Я ведь, Володенька, пока еще молчу, я тебя покрываю. Меня на днях архангел Михаил спрашивает: «А как Лютиков, какую позицию он занял?». Я ведь запросто ему мог открыть глаза на твое подлое поведение. Но не стал ведь я этого делать, не стал, а? Я ему говорю, все нормально, Михаил Саваофович, правильную позицию Лютиков занял, какую же позицию ему еще занимать. Вы не волнуйтесь, мы же друг друга по прежней, так сказать, жизни друг друга знаем… А ты юлишь, изворачиваешься, словно деньги занял, а отдавать не хочешь.
Лютиков только вздыхал.
А что еще делать человеку, которого в соответствии с представлениями некоторых забытых советских руководителей объявляют общественным животным и сгоняют в стадо? И хочется сопротивляться, и страшно — а ну как это не понравится тем, кто наверху? С Иваном Спириным Лютиков еще готов был спорить, но вот спорить с теми, кто наверху… Очень нравилась Лютикову его загробная жизнь, чтобы из-за мелких интриг деловаров от искусства с нею расставаться. Сильных духом на свете не так уж и много, даже на Земле их были единицы, а остальные только приписывались к ним многочисленными нулями, когда это становилось выгодным. В свое время сажали и высылали из страны десятка два диссидентов, боровшихся с общественными порядками, которые им не нравились. Остальные жили вполне благополучно и сытно. Только когда оказалось, что возмущаться и негодовать можно открыто, тут-то и кинулся изо всех щелей скрытый до того дня диссидент и стал всех убеждать, что если он по своим масштабам ну никак не меньшая величина, чем Сахаров или Солженицын, а уж как он в глубине душе своей возмущался действиями власти и как тайно сопротивлялся этим действиям, впору было поэмы писать. «Да, — говорили некоторые. — Давали Сталинские и Государственные премии и именно за то, что я в своем творчестве никогда не кривил душой. Но книги мои не надо читать прямо, надо в них читать между строк». Как Лютиков ни пробовал их читать между строк, все равно у него ничего не выходило.
написал в свое время московский поэт Александр Межиров, воевавший под Ленинградом.
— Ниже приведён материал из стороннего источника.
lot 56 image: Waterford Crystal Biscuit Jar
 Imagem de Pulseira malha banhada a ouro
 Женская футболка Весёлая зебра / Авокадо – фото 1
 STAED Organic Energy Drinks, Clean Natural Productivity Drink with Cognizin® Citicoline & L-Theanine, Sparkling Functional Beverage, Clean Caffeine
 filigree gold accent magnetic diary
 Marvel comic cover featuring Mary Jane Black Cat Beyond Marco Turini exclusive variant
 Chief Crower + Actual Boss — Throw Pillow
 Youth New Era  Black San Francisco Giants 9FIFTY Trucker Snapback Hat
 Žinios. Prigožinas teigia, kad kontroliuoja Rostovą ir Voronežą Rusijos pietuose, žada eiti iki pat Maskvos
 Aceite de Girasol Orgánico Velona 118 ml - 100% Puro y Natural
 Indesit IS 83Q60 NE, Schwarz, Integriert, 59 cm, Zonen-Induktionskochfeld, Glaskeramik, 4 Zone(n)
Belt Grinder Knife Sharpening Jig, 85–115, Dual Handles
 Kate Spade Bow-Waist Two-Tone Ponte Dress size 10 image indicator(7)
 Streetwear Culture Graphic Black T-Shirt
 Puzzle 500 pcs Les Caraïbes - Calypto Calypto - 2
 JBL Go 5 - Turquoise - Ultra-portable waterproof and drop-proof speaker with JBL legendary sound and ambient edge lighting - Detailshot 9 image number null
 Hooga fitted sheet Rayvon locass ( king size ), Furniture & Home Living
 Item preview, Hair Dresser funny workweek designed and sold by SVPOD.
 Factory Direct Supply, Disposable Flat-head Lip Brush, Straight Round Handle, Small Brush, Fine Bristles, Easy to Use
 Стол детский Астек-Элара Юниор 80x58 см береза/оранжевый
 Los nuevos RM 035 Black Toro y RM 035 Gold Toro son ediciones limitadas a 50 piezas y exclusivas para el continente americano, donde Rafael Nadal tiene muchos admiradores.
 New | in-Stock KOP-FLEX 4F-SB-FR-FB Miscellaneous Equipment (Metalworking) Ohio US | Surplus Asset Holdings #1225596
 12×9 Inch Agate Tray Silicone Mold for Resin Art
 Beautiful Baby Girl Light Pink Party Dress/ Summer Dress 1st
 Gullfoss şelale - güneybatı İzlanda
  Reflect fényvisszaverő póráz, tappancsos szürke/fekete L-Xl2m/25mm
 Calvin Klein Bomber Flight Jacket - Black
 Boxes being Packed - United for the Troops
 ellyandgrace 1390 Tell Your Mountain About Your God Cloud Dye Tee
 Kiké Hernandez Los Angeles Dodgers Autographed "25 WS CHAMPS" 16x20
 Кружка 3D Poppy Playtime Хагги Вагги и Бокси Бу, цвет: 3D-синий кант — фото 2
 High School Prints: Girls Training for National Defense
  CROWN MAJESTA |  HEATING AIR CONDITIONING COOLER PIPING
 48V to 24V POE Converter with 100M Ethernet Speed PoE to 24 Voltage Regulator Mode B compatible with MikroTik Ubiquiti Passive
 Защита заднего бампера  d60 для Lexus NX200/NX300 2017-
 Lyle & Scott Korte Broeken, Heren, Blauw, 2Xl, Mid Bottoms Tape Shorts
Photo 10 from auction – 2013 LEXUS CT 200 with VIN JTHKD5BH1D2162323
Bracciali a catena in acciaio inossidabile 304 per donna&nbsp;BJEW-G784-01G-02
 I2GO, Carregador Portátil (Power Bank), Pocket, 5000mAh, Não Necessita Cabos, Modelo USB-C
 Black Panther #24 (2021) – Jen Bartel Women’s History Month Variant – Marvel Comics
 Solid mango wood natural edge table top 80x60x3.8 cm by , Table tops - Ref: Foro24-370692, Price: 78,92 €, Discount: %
Ну не мог он притворяться, когда писал эти свои стихи, физически и духовно не мог. И в благословенную Америку он уехал впоследствии, чтобы оказаться на переднем крае борьбы с проклятым империализмом. Да так, наверное, этой борьбой увлекся, что даже забыл вернуться. Ему простительно, он старенький стал, хоть в конце жизни захотелось по-человечески пожить, да и войну прошел не в генеральских чинах, нюхал портянки в блиндаже и пороховую гарь на поле боя. И после войны особого достатка не увидел. Ведь обещали хорошую жизнь не им, потомкам тех, кто делал революцию, а внукам их внуков, да и то в отдаленной перспективе. Он уехал, а коммунисты, которым он посвятил проникновенные строки, остались. И когда надо было идти вперед, все почему-то переглядываться стали, искать среди себя смелых. И не нашли. Такие дела. Потом, в начале девяностых даже модно стало в партию вступать и правильные слова про партбилет говорить, чтобы на следующий день пригласить журналистов на сожжение этого самого партбилета. Противно! Лютиков в конце жизни радовался, что Бог его от вступления в партию всю жизнь берег, с самой армии, и уберег-таки. И не из-за того, что Лютиков с ней особые разногласия имел. Просто самому Лютикову светлая жизнь не особо нравилась, а при жизни диссидентом стать он боялся, психушки его пугали, а при упоминании о тюрьме он вообще заикаться начинал. Но когда в эти самые диссиденты вся творческая интеллигенция кинулась, ему к мученикам идеи примазываться было стыдно — что ж раньше-то молчал? Вот и теперь в Раю он побаивался — внутреннее сопротивление в нем жило, а наружу ему выплеснуться Лютиков не давал.
— Лютик, ты только с ними не грызись, — печально сказала муза. — Ты же не волк-одиночка, чтобы с этой кодлой справиться. Их же на самом верху поддерживают, сам понимаешь, стая любого порвет. Плюнь, Лютик, живи спокойно.
А не получалось.
Попробуй жить спокойно, когда у тебя на глазах остервенелая стая хороших людей рвет!
А Ваня Спирин к цели шел напрямик, не особо скрывал, что хочется ему хотя бы после смерти поруководить. При жизни им руководили и помыкали, потому как членом он был, даже двойным членом — в одном кармане у него партбилет лежал, а в другом — удостоверение Союза писателей. Поэтому дисциплину Иван Спирин понимал правильно, поэтому райский разноброд и имеющиеся там идейно-идеологические вывихи и шатания ему не нравились.
Иван Спирин сам был ясным и понятным, как аптечная пробирка, потому он и ясности от Лютикова добивался.